Re: [PATCH v2 4/4] mm/hwpoison: fix unpoison_memory()
From: Naoya Horiguchi
Date: Wed Oct 27 2021 - 07:59:06 EST
On Tue, Oct 26, 2021 at 09:00:37PM -0700, Yang Shi wrote:
> On Mon, Oct 25, 2021 at 4:16 PM Naoya Horiguchi <nao.horiguchi@xxxxxxxxx> wrote:
> >
> > From: Naoya Horiguchi <naoya.horiguchi@xxxxxxx>
> >
> > After recent soft-offline rework, error pages can be taken off from
> > buddy allocator, but the existing unpoison_memory() does not properly
> > undo the operation. Moreover, due to the recent change on
> > __get_hwpoison_page(), get_page_unless_zero() is hardly called for
> > hwpoisoned pages. So __get_hwpoison_page() highly likely returns zero
> > (meaning to fail to grab page refcount) and unpoison just clears
> > PG_hwpoison without releasing a refcount. That does not lead to a
> > critical issue like kernel panic, but unpoisoned pages never get back to
> > buddy (leaked permanently), which is not good.
> >
> > To (partially) fix this, we need to identify "taken off" pages from
> > other types of hwpoisoned pages. We can't use refcount or page flags
> > for this purpose, so a pseudo flag is defined by hacking ->private
> > field. Someone might think that put_page() is enough to cancel
> > taken-off pages, but the normal free path contains some operations not
> > suitable for the current purpose, and can fire VM_BUG_ON().
> >
> > Note that unpoison_memory() is now supposed to be cancel hwpoison events
> > injected only by madvise() or /sys/devices/system/memory/{hard,soft}_offline_page,
> > not by MCE injection, so please don't try to use unpoison when testing
> > with MCE injection.
> >
> > Signed-off-by: Naoya Horiguchi <naoya.horiguchi@xxxxxxx>
> > ---
> > ChangeLog v2:
> > - unpoison_memory() returns as commented
> > - explicitly avoids unpoisoning slab pages
> > - separates internal pinning function into __get_unpoison_page()
> > ---
...
> > @@ -1262,6 +1278,27 @@ static int get_any_page(struct page *p, unsigned long flags)
> > return ret;
> > }
> >
> > +static int __get_unpoison_page(struct page *page)
> > +{
> > + struct page *head = compound_head(page);
> > + int ret = 0;
> > + bool hugetlb = false;
> > +
> > + ret = get_hwpoison_huge_page(head, &hugetlb);
> > + if (hugetlb)
> > + return ret;
> > +
> > + /*
> > + * PageHWPoisonTakenOff pages are not only marked as PG_hwpoison,
> > + * but also isolated from buddy freelist, so need to identify the
> > + * state and have to cancel both operations to unpoison.
> > + */
> > + if (PageHWPoisonTakenOff(head))
> > + return -EHWPOISON;
>
> I don't think we could see compound page here, but checking head page
> might be confusing since private is per subpage, so it might be better
> to use page instead of head.
OK, I'll do this (and pass page to get_page_unless_zero() too).
> > +
> > + return get_page_unless_zero(head) ? 1 : 0;
> > +}
> > +
> > /**
> > * get_hwpoison_page() - Get refcount for memory error handling
> > * @p: Raw error page (hit by memory error)

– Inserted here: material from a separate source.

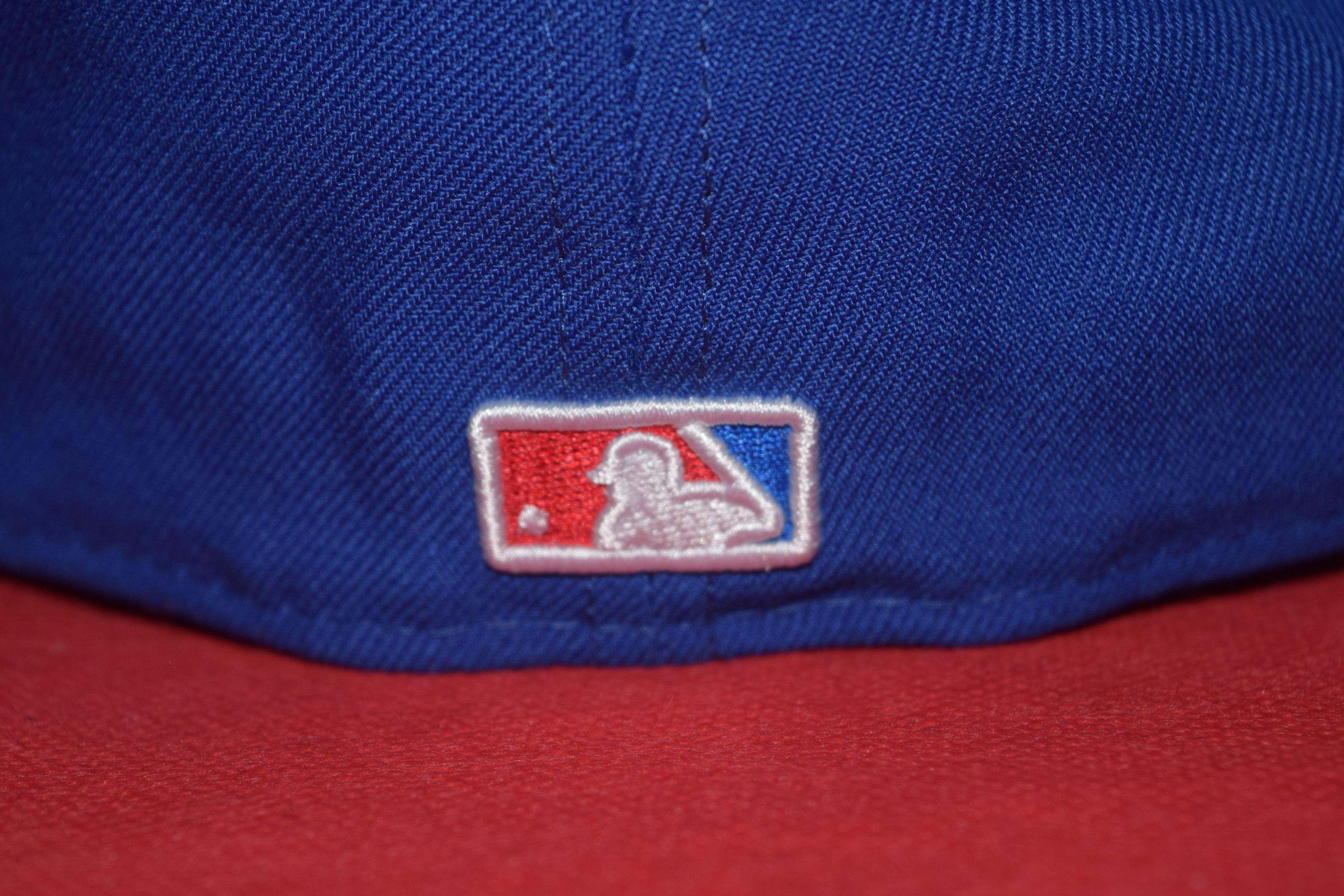 New Era New Era Cleveland Indians Chief Wahoo All Star Fitted Hat Size ONE SIZE - 5 Thumbnail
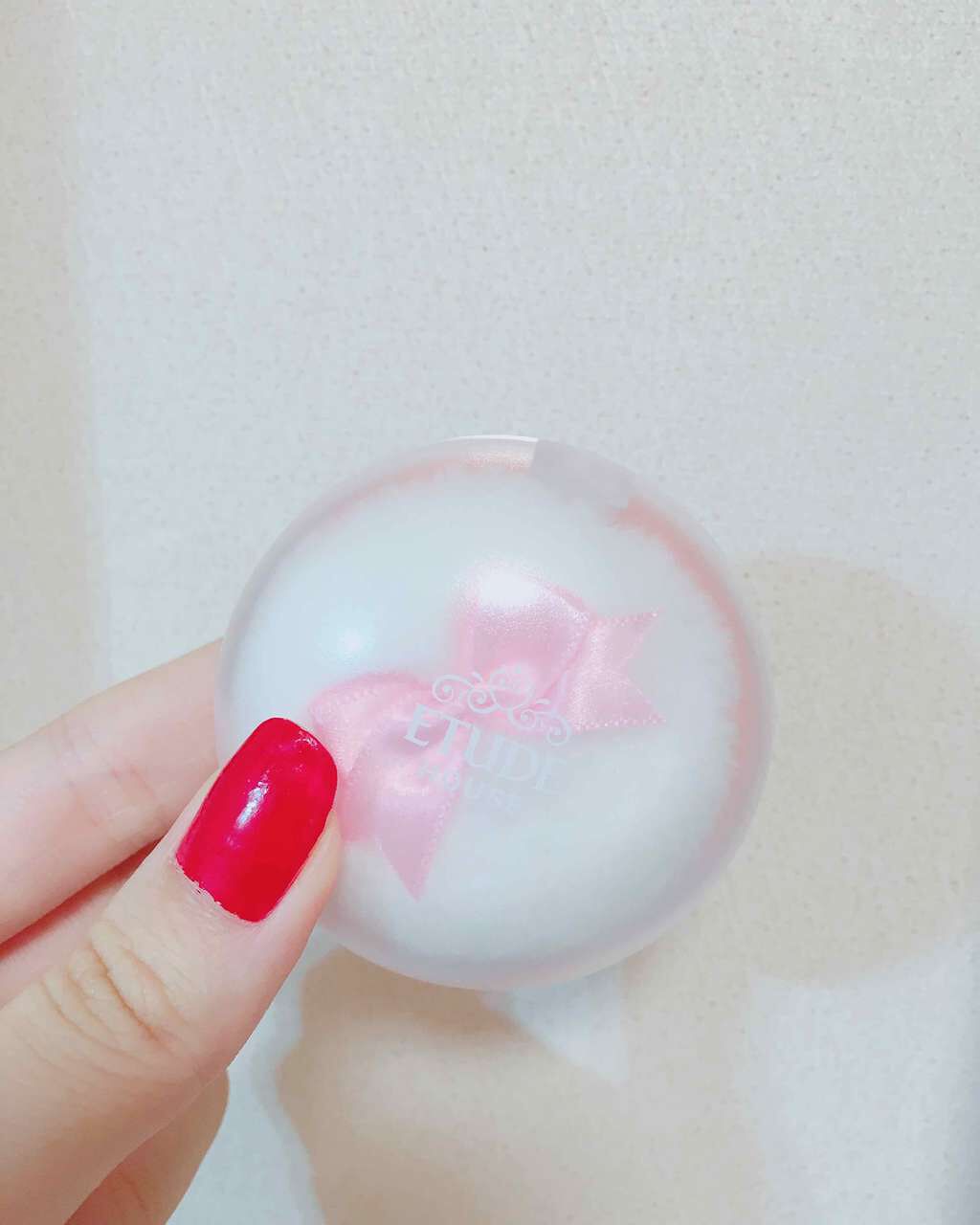 ラブリー クッキー ブラッシャー/ETUDE/パウダーチークを使ったクチコミ(1枚目)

> > @@ -1278,18 +1315,26 @@ static int get_any_page(struct page *p, unsigned long flags)
> > * extra care for the error page's state (as done in __get_hwpoison_page()),
> > * and has some retry logic in get_any_page().
> > *
> > + * When called from unpoison_memory(), the caller should already ensure that
> > + * the given page has PG_hwpoison. So it's never reused for other page
> > + * allocations, and __get_unpoison_page() never races with them.
> > + *
> > * Return: 0 on failure,
> > * 1 on success for in-use pages in a well-defined state,
> > * -EIO for pages on which we can not handle memory errors,
> > * -EBUSY when get_hwpoison_page() has raced with page lifecycle
> > - * operations like allocation and free.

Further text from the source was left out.